[Dataset extract — start]

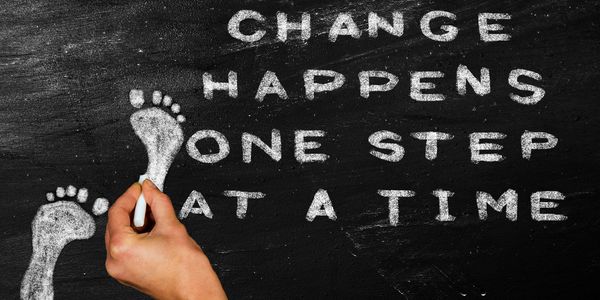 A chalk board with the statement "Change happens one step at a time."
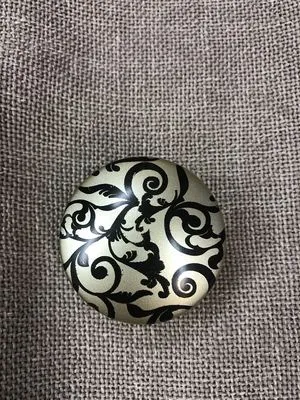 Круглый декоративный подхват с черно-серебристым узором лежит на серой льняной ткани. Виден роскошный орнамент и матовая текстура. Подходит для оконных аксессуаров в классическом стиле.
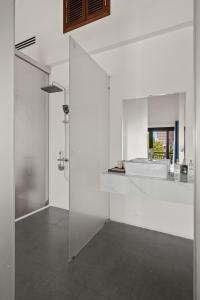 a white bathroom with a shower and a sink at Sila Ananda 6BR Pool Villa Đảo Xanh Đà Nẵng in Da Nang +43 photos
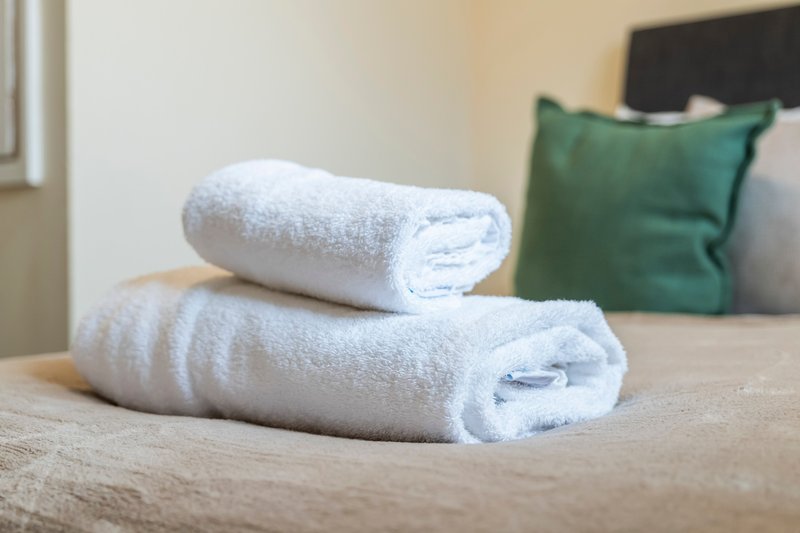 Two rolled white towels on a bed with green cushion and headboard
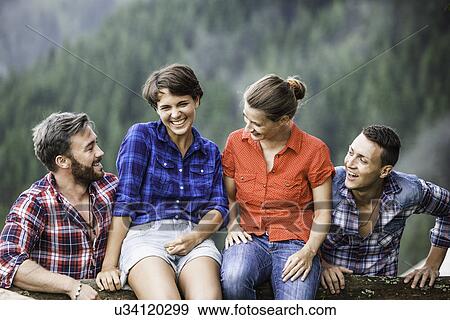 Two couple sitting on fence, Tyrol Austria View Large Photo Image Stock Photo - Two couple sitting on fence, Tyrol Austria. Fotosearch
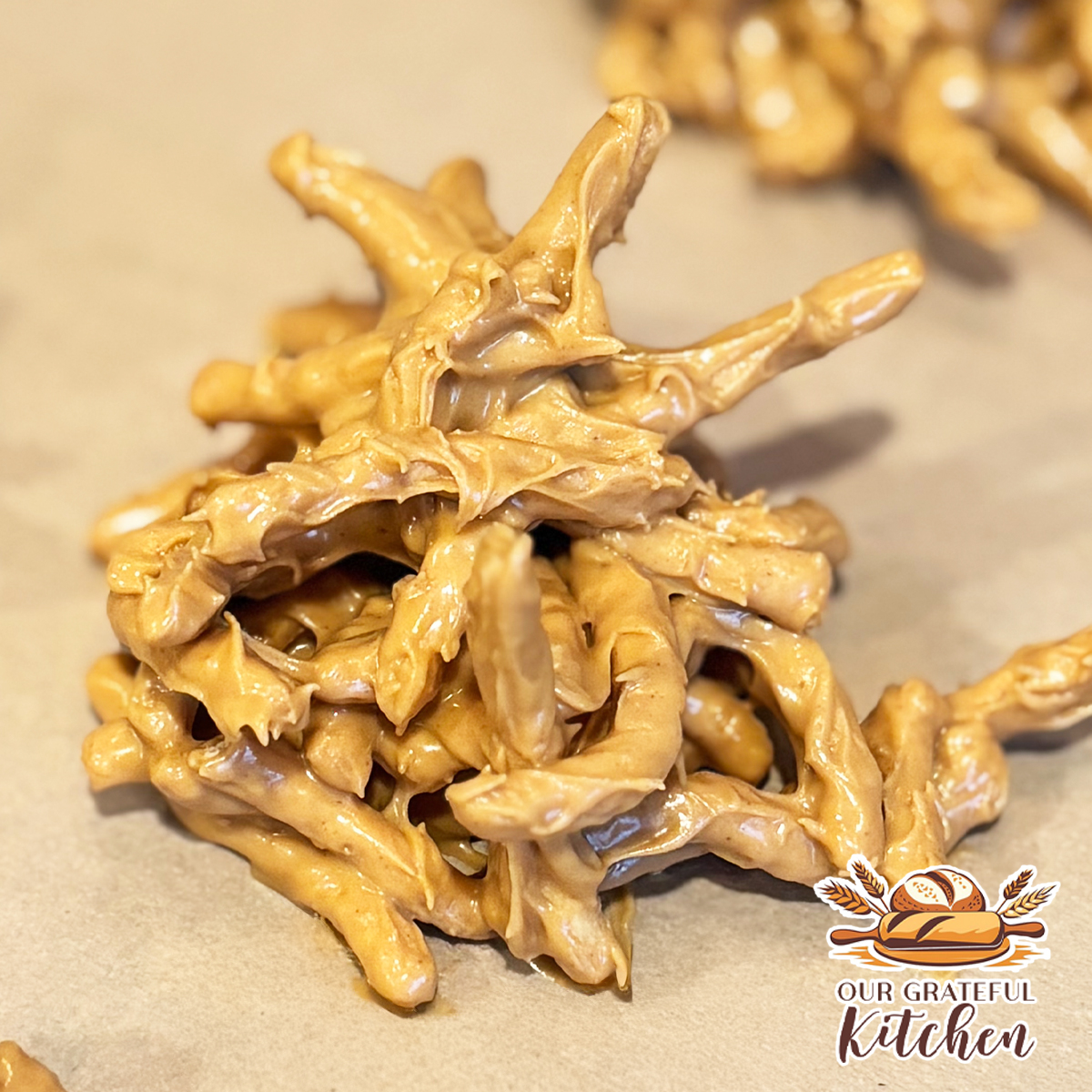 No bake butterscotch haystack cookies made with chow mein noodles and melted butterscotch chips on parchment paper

[Dataset extract — finish]

The lines to set down run from the line with "Круглый декоративный подхват" up to and including the line with "a white bathroom" in the entries above. Reproduce them exactly, with no pictures.

## Result below
 Круглый декоративный подхват с черно-серебристым узором лежит на серой льняной ткани. Виден роскошный орнамент и матовая текстура. Подходит для оконных аксессуаров в классическом стиле.
 a white bathroom with a shower and a sink at Sila Ananda 6BR Pool Villa Đảo Xanh Đà Nẵng in Da Nang +43 photos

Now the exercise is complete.